Não Sou um Canalha é um drama poderoso que parece quase um documentário de Emmanuel Finkiel, que atuou em De Tanto Bater, Meu Coração Parou, e acompanha um francês de classe trabalhadora que acusa um inocente árabe como culpado depois de ser esfaqueado na rua.
Finkiel constrói incisivamente seus personagens principais, desenvolvendo seus relacionamentos e, no caminho, mostra toda a alienação deles, seus ressentimentos e racismos, pintando um quadro em que as fraquezas dessas personas são comuns de forma angustiante, mesmo que o ato final adicione uma bela camada extra de violência a todo o contexto apresentado no longa.
No filme, Eddie (Nicolas Duvauchelle, de Por uma Mulher) vai defender um carro que está sendo assaltado e acaba sendo esfaqueado. Com isso ele ganha a simpatia e atenção da sua ex (Melanie Thierry, de Um Dia Perfeito) que estava afastada dele há algum tempo. Já a vida de Ahmed (Driss Ramdi, de Mutações) começa a desmoronar, quando ele é acusado do crime que não cometeu, apenas porque Eddie o viu alguns dias antes em um processo seletivo no qual participava.
Dizer que o filme culmina com um ato poderoso de violência e catarse é, em parte, um spoiler necessário (mesmo que não muito grande). Afinal, toda a estabilidade precária na vida de Eddie, baseada na prisão de um cara inocente, vale a pena?
O roteiro não esmiúça significativamente os pensamentos de Eddie e nem precisa: Ahmed pega a vaga de trabalho que Eddie tanto almejava e a polícia revela todo o seu racismo ao comprar a ideia de que Ahmed é o culpado apenas pela acusação de Eddie. O tabuleiro está montado para você imaginar um perfil completo: Eddie é a representação da crescente classe que vota na extrema direita e que precisa de uma melhor educação básica para entender a coisa toda melhor, somente para começar. Você consegue ver em Não Sou um Canalha, um sentimento de grande alienação das classes média e alta, um preconceito latente e o medo do diferente, além de raiva – muita raiva (qualquer semelhança com os Bolsominions não é mera coincidência).
O título Não Sou um Canalha é a aposta de Finkiel em dar todas as concessões razoáveis para o seu protagonista. Quando ele está se sentindo valorizado, Eddie é uma pessoa agradável, carinhoso com sua mulher e brincalhão com seu filho. No entanto, no momento em que ele acredita ser visto como fraco, ele se torna brutal e ameaçador.
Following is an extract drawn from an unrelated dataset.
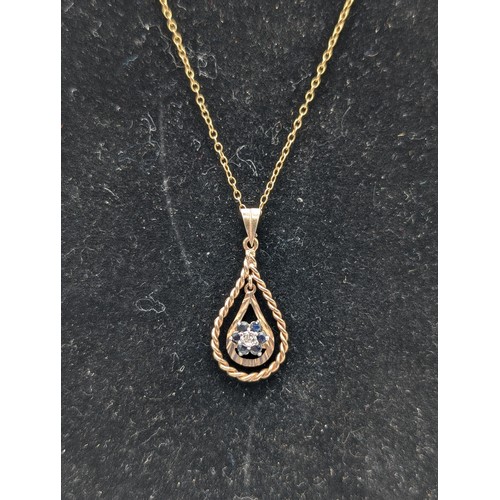 472 - 9Ct Gold Marked Chain & Pendant With Blue Stone - 2.81g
Ele almeja tudo que os outros têm, apenas para não se sentir rebaixado, seja um bom carro, um bom trabalho, uma casa melhor ou mesmo uma TV de LED. Ele e a câmera estão sempre olhando ao redor, mas apenas a câmera é que traz a verdade: Eddie mal consegue processar seu próprio reflexo.
A intensidade de Duvauchelle é perfeita para interpretar Eddie. O ator constrói a tensão através de um olhar profundo, desconfiado e que faz parte da animosidade exterior junto com a insegurança interior do psicológico do personagem. Ele e Thierry são ótimos juntos. A interpretação dela mostra toda uma vitalidade que não parece destruída facilmente, mesmo com toda a tendência de Eddie à violência.
Não Sou um Canalha é elaborado com naturalismo, lembrando quase um documentário observacional, o que dá muito medo. Afinal, saber que um cara como Eddie pode estar aí, no apartamento ao lado do seu, não é nada reconfortante!